Information below:

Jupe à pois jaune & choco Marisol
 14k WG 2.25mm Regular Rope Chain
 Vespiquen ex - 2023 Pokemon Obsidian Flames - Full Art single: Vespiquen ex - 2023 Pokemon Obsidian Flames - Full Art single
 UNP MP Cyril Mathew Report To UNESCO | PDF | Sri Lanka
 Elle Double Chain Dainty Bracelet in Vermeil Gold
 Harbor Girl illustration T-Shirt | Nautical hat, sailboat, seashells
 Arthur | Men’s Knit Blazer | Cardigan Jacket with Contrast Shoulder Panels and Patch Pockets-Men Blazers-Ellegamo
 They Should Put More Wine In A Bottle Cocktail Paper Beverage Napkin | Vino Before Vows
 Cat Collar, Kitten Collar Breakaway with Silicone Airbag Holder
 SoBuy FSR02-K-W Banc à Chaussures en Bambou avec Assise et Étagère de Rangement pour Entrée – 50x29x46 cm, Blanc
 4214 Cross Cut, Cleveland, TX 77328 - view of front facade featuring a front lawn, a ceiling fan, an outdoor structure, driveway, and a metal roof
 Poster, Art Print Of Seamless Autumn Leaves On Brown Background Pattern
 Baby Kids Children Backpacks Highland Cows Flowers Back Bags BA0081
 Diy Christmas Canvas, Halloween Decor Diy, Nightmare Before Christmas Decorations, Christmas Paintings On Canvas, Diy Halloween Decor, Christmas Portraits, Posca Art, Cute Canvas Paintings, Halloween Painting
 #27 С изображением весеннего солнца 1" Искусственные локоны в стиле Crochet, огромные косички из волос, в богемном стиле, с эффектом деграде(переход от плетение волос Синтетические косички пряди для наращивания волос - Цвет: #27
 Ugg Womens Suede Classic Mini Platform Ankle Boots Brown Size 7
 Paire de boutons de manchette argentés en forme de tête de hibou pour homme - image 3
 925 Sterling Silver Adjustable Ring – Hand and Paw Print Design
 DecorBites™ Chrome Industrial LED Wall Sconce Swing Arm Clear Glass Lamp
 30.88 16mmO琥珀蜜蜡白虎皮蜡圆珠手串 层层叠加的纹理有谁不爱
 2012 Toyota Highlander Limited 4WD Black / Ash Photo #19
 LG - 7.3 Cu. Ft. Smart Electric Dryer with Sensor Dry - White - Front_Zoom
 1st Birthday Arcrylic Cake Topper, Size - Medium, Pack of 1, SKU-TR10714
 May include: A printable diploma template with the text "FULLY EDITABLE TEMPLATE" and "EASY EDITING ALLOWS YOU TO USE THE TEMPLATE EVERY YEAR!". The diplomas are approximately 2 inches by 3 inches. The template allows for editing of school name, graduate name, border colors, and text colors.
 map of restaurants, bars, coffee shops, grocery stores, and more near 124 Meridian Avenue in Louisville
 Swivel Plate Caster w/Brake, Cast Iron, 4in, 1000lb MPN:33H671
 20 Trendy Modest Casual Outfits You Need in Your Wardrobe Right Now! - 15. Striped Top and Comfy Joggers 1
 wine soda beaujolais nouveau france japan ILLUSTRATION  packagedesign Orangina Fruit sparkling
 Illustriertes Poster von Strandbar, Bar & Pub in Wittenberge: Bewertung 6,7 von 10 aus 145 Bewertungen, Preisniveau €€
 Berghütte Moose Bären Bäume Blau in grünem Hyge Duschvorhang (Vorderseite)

End of Information.

What you should do
Say, as a bare number, how many lines in the entries above include the string "Brown".

Output for this task
2